**WHAT YOU HAVE TO DO**
Find, in the records below, the line that contains "My name is Rajiv" and the line that contains "If this video". Copy those two lines and everything between them exactly, but not the pictures.

**GIVEN DATA**
______

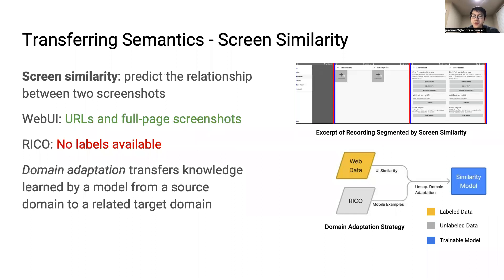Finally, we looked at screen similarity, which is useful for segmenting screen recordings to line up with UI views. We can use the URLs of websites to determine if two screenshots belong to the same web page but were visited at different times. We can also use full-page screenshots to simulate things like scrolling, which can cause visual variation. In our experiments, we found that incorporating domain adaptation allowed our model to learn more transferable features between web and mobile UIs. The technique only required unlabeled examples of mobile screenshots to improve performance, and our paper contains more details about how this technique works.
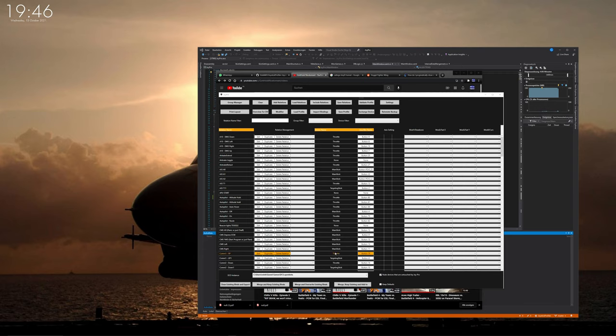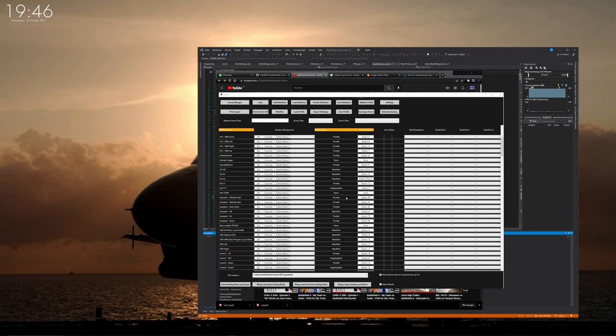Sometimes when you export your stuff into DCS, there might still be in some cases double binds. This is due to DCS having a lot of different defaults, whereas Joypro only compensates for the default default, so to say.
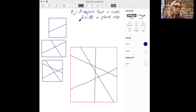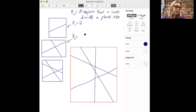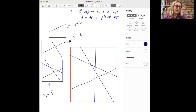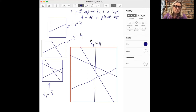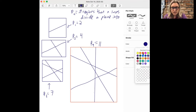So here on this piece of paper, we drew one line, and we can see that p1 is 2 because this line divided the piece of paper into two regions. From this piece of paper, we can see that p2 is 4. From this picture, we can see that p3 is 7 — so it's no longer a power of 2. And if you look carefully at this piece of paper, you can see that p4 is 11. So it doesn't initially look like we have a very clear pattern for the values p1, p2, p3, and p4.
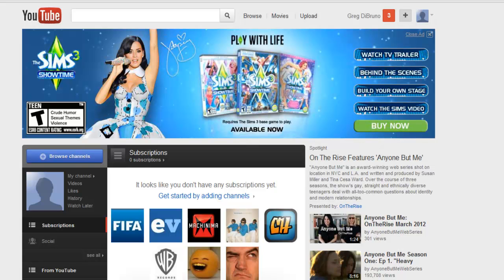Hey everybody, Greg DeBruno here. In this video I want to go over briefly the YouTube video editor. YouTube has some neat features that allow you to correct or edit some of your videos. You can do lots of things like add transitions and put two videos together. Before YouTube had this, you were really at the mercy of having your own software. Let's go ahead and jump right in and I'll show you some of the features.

______

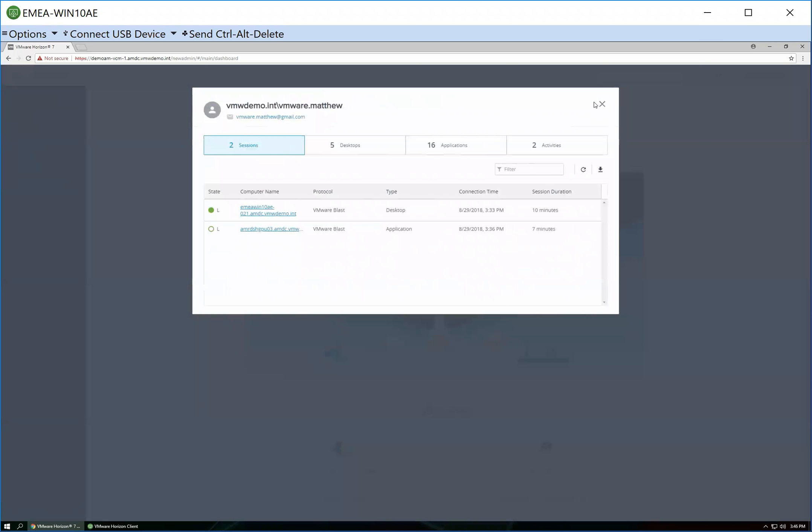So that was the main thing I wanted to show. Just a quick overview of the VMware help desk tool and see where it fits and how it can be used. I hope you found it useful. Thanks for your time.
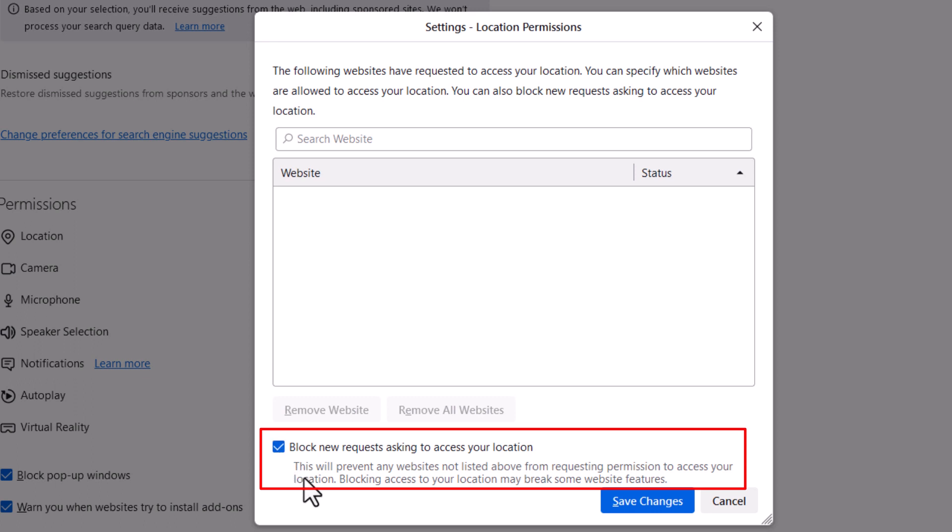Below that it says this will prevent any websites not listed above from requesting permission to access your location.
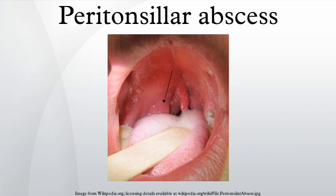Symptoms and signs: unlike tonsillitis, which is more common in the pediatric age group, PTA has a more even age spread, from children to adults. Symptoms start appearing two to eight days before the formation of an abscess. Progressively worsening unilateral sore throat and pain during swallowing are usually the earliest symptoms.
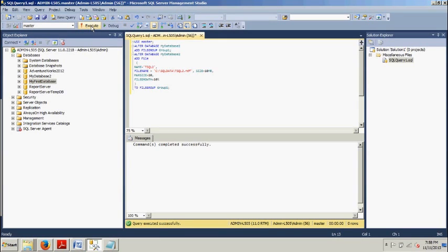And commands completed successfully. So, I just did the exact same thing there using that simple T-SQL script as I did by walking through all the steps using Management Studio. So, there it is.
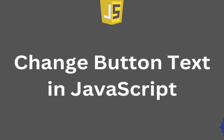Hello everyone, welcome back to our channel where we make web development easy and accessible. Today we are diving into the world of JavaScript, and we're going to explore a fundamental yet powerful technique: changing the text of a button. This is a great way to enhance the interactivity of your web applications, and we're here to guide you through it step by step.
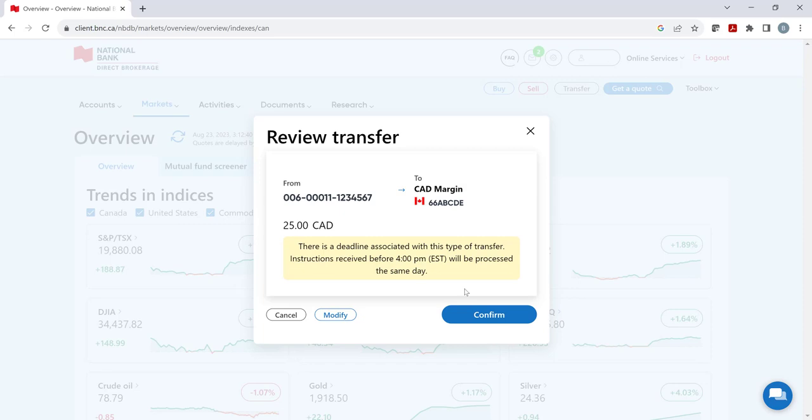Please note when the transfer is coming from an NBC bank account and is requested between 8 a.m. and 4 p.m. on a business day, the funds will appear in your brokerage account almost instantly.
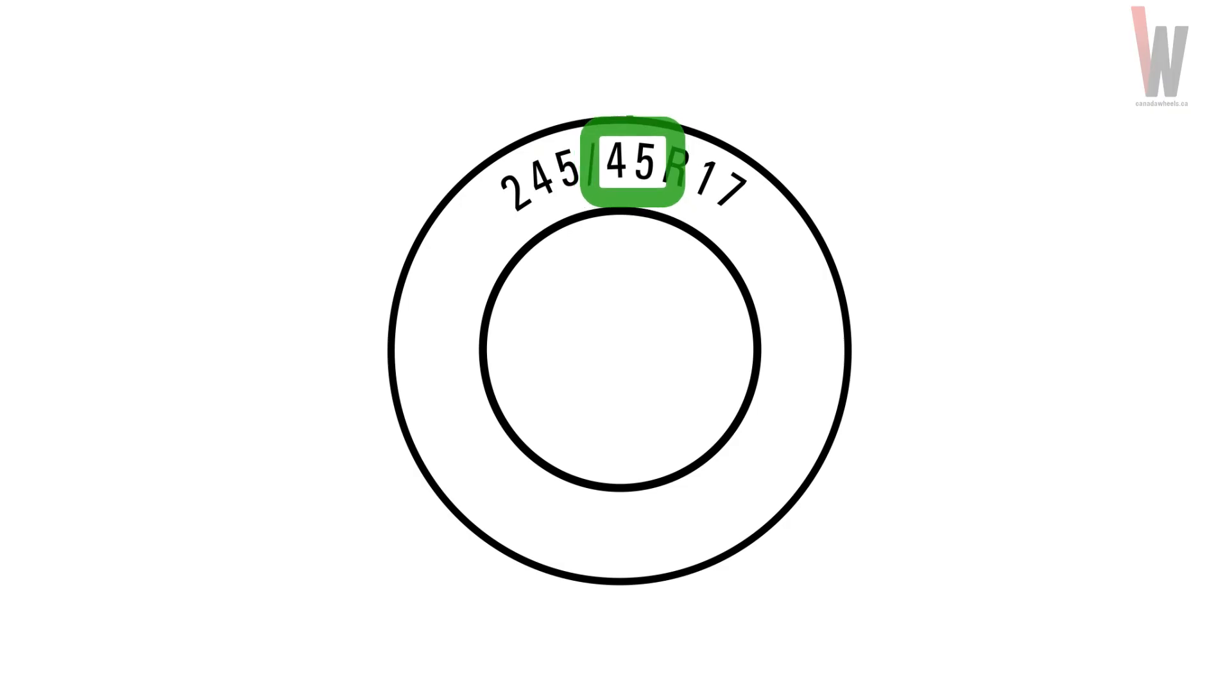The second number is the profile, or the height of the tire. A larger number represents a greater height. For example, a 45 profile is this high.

______

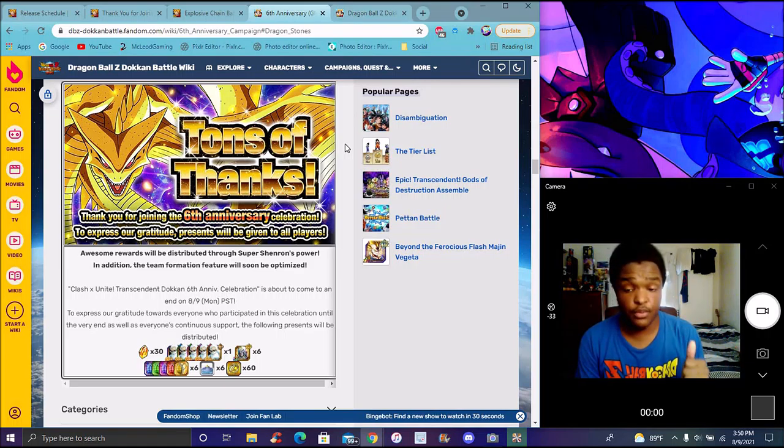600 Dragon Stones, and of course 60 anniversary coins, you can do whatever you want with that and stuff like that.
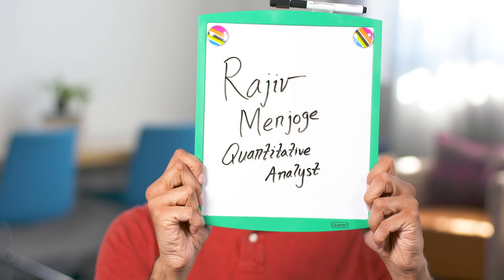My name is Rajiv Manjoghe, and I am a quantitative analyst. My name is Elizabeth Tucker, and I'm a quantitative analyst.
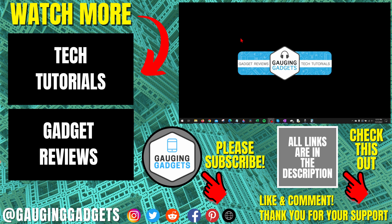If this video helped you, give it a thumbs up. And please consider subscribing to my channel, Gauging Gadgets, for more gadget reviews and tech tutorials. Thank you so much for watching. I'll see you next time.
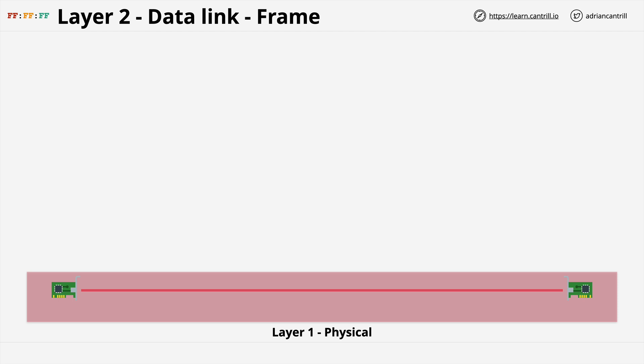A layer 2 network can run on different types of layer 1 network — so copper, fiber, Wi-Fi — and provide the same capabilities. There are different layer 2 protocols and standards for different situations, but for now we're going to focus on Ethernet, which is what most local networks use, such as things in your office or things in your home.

______

**RESULT FOR THIS TASK**
My name is Rajiv Manjoghe, and I am a quantitative analyst. My name is Elizabeth Tucker, and I'm a quantitative analyst.
If this video helped you, give it a thumbs up. And please consider subscribing to my channel, Gauging Gadgets, for more gadget reviews and tech tutorials. Thank you so much for watching. I'll see you next time.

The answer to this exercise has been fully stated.